◆ Work task
Could the listing below be reproduced exactly, minus its pictures?

◆ Collected data
= Beginning of Section =

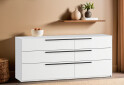Комод Kredens furniture Venus (0008) з 6 шухлядами 160 см, білий - Зображення 2 Зображення 2 - Комод Kredens furniture Venus (0008) з 6 шухлядами 160 см, білий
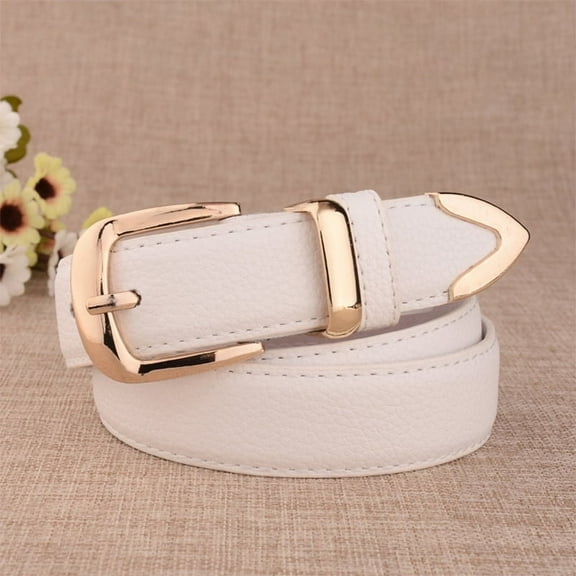 Fashion Women Genuine Leather Belts High Quality Gold Buckle Best Matching Dress Jeans Belts for Lady LB2146 pasek spodni damski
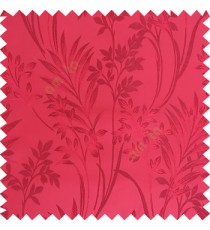 Maroon color beautiful design floral pattern texture finished surface with smooth background main curtain fabric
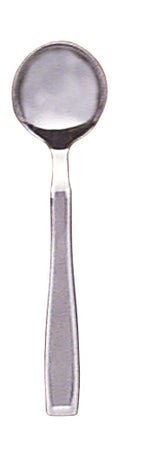 Soup Spoon Weighted / Straight Silver / White Vinyl-Coated / Stainless Steel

= End of Section =

◆ Written answer
Комод Kredens furniture Venus (0008) з 6 шухлядами 160 см, білий - Зображення 2 Зображення 2 - Комод Kredens furniture Venus (0008) з 6 шухлядами 160 см, білий
 Fashion Women Genuine Leather Belts High Quality Gold Buckle Best Matching Dress Jeans Belts for Lady LB2146 pasek spodni damski
 Maroon color beautiful design floral pattern texture finished surface with smooth background main curtain fabric
 Soup Spoon Weighted / Straight Silver / White Vinyl-Coated / Stainless Steel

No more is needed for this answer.